When you reach the line with "at 1/116 Beach Road, Castor Bay, Auckland" in the records below, begin transcribing exactly and continue up to and including the line with "1 Bedroom Courtyard", leaving out every picture.

Entries supplied
--------

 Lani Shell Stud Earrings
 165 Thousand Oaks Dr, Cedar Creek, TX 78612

--------

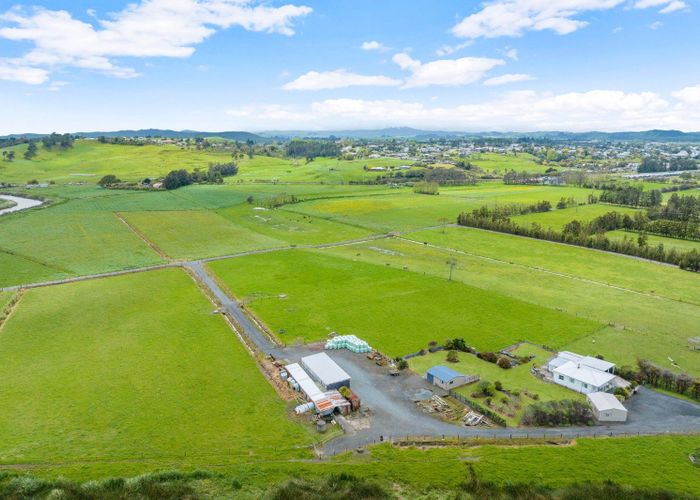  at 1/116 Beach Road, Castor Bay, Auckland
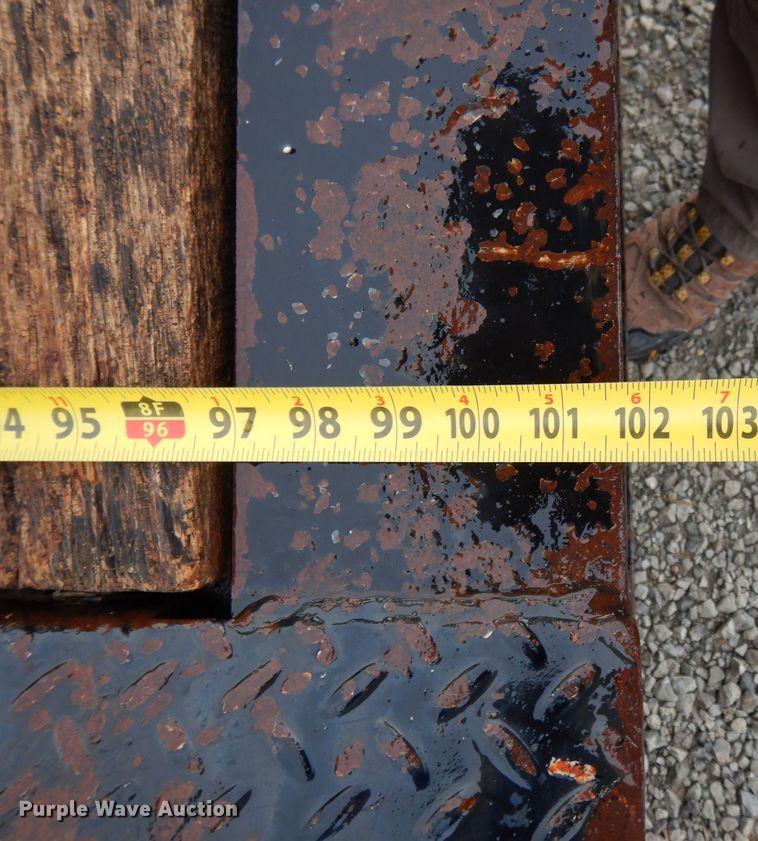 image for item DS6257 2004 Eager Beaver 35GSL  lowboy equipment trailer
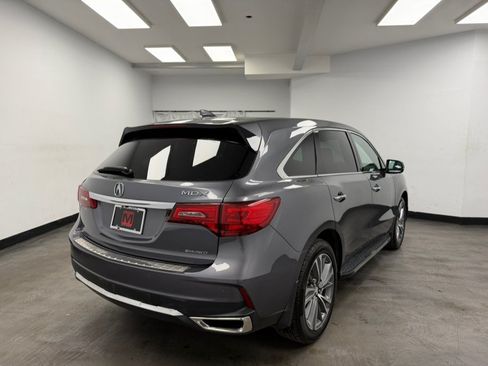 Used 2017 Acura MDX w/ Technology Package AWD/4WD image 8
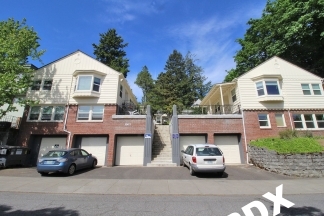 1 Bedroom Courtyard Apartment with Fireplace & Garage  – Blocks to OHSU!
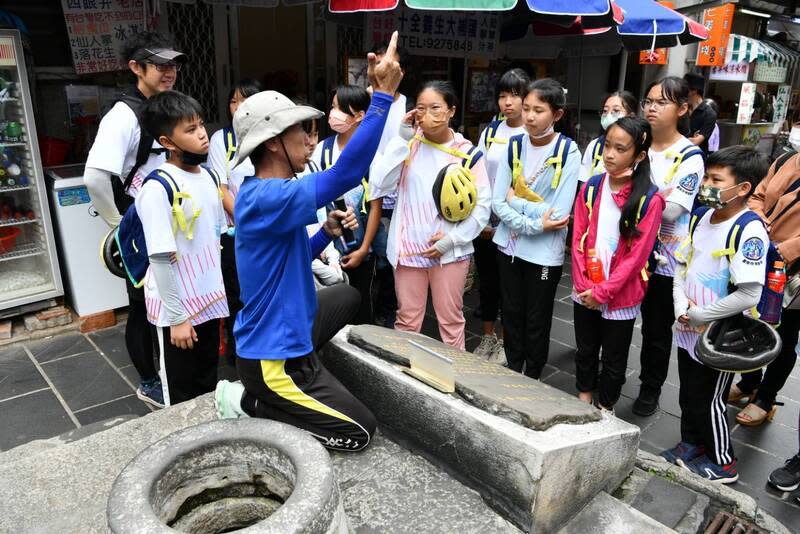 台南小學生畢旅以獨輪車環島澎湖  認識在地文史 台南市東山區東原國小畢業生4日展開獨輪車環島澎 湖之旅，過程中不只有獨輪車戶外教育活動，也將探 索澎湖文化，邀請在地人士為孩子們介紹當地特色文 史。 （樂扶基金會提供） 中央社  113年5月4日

--------

Your response
  at 1/116 Beach Road, Castor Bay, Auckland
 image for item DS6257 2004 Eager Beaver 35GSL  lowboy equipment trailer
 Used 2017 Acura MDX w/ Technology Package AWD/4WD image 8
 1 Bedroom Courtyard Apartment with Fireplace & Garage  – Blocks to OHSU!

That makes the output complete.